Captioned web images
★ ★ ★
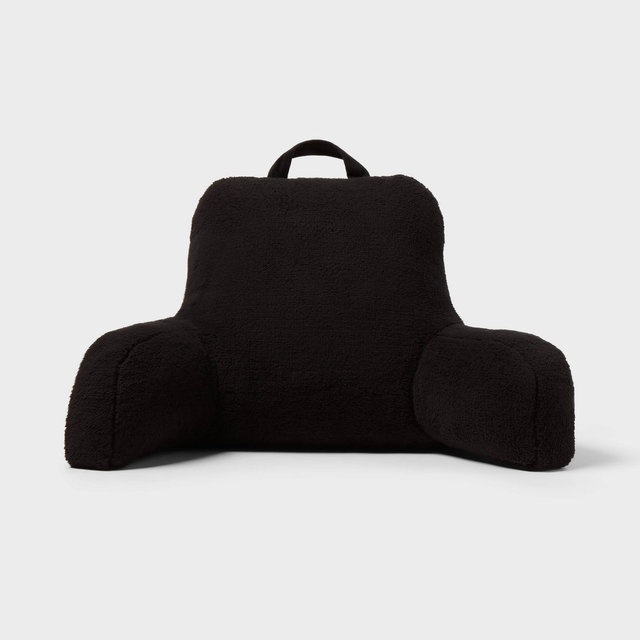 Faux Shearling Bed Rest Black - Room Essentials™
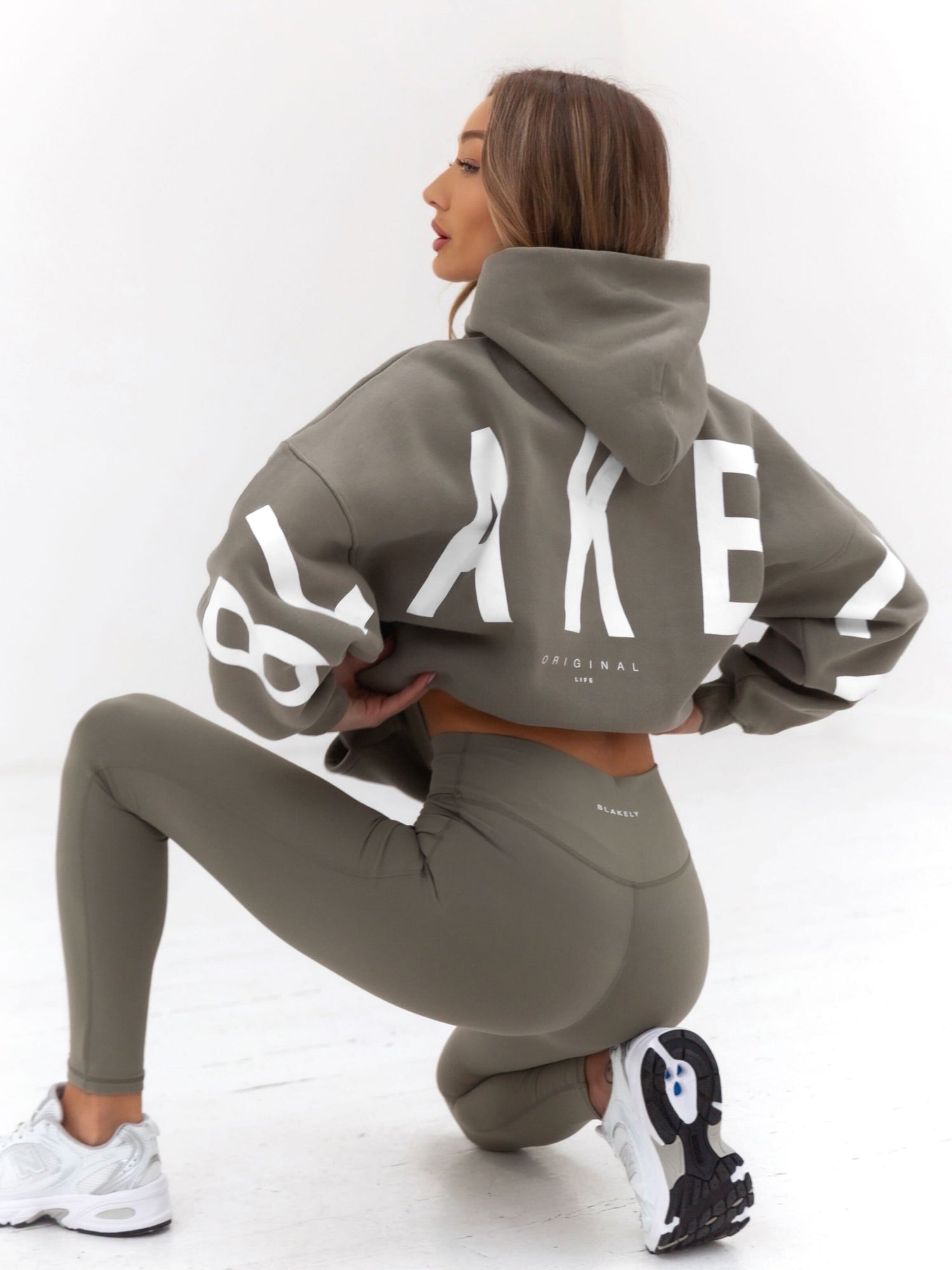 Buy Blakely Safari Green Isabel Oversized Hoodie | Free delivery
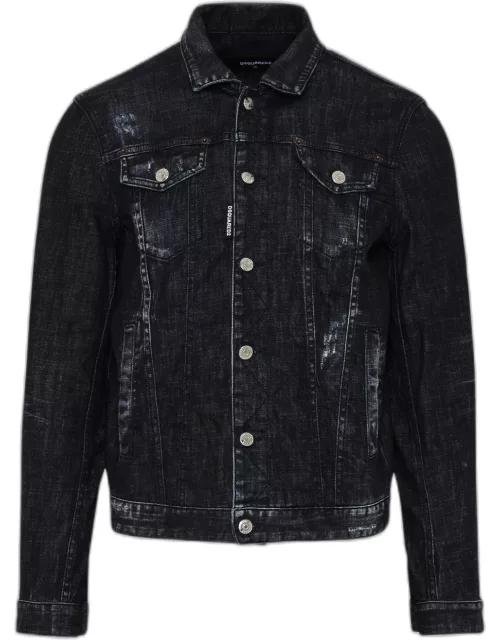 DSQUARED2 Black Cotton Jeans Jacket
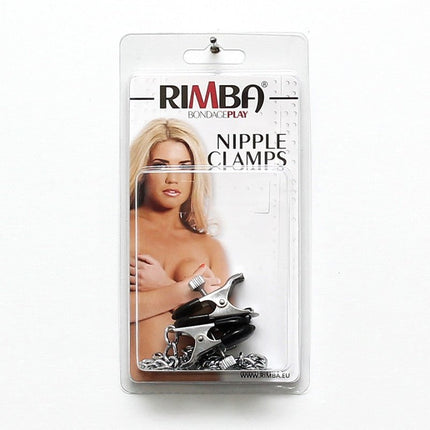 Tepelklemmen met schroef verstelbaar en ketting - medium - Erotiekvoordeel.nl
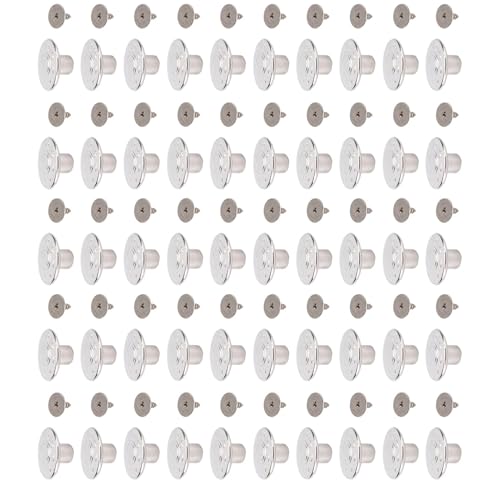 50 Sets 17mm Metallhosenknöpfe, Verstellbare Edelstahl -Vintage -abnehmbare Gewinde Nieten, Keine Nägelwäsche, für DIY Lederkragen, Gürtel, Handtaschen, Hosen, Lockern 50 Sets 17mm Metallhosenknöpfe, Verstellbare Edelstahl -Vintage -abnehmbare Gewinde Nieten, Keine Nägelwäsche, für DIY Lederkragen, Gürtel, Handtaschen, Hosen, Lockern von Yechiry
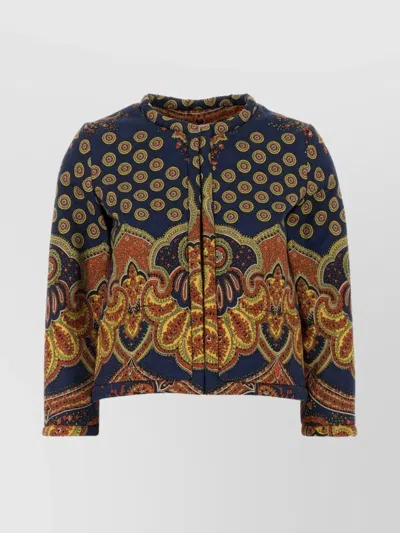 VALENTINO COTTON BLAZER WITH PRINTED INTRICATE PATTERN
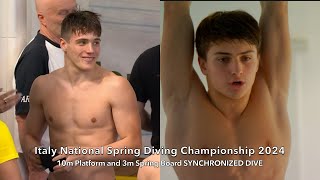 10m PLATFORM amp 3m Spring Board SYNCHRONIZED Diving  Italy National SPRING DIVING CHAMPIONSHIP 2024 [upl. by Pals]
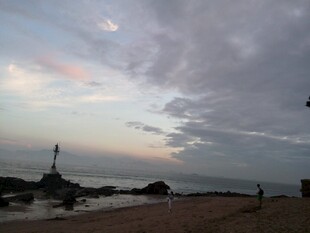 厦门鼓浪屿海边黄昏景色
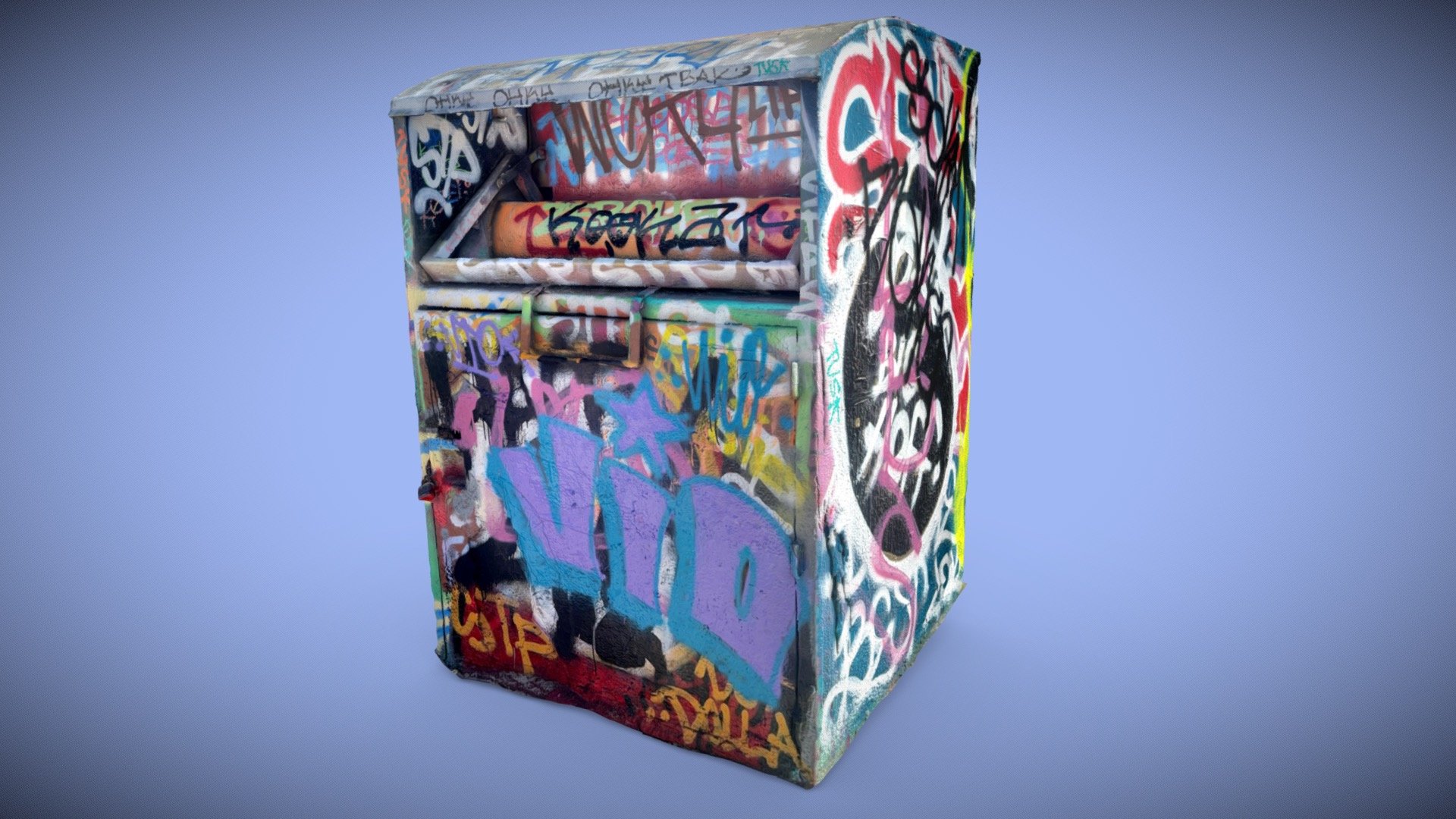 Typical Mail Box in Venice Beach, CA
★ ★ ★
_ACTIVITY_
Please give the data again in full, exactly as written, but without any images.

_ANSWER SECTION_
 Faux Shearling Bed Rest Black - Room Essentials™
 Buy Blakely Safari Green Isabel Oversized Hoodie | Free delivery
 DSQUARED2 Black Cotton Jeans Jacket
 Tepelklemmen met schroef verstelbaar en ketting - medium - Erotiekvoordeel.nl
 50 Sets 17mm Metallhosenknöpfe, Verstellbare Edelstahl -Vintage -abnehmbare Gewinde Nieten, Keine Nägelwäsche, für DIY Lederkragen, Gürtel, Handtaschen, Hosen, Lockern 50 Sets 17mm Metallhosenknöpfe, Verstellbare Edelstahl -Vintage -abnehmbare Gewinde Nieten, Keine Nägelwäsche, für DIY Lederkragen, Gürtel, Handtaschen, Hosen, Lockern von Yechiry
 VALENTINO COTTON BLAZER WITH PRINTED INTRICATE PATTERN
 10m PLATFORM amp 3m Spring Board SYNCHRONIZED Diving  Italy National SPRING DIVING CHAMPIONSHIP 2024 [upl. by Pals]
 厦门鼓浪屿海边黄昏景色
 Typical Mail Box in Venice Beach, CA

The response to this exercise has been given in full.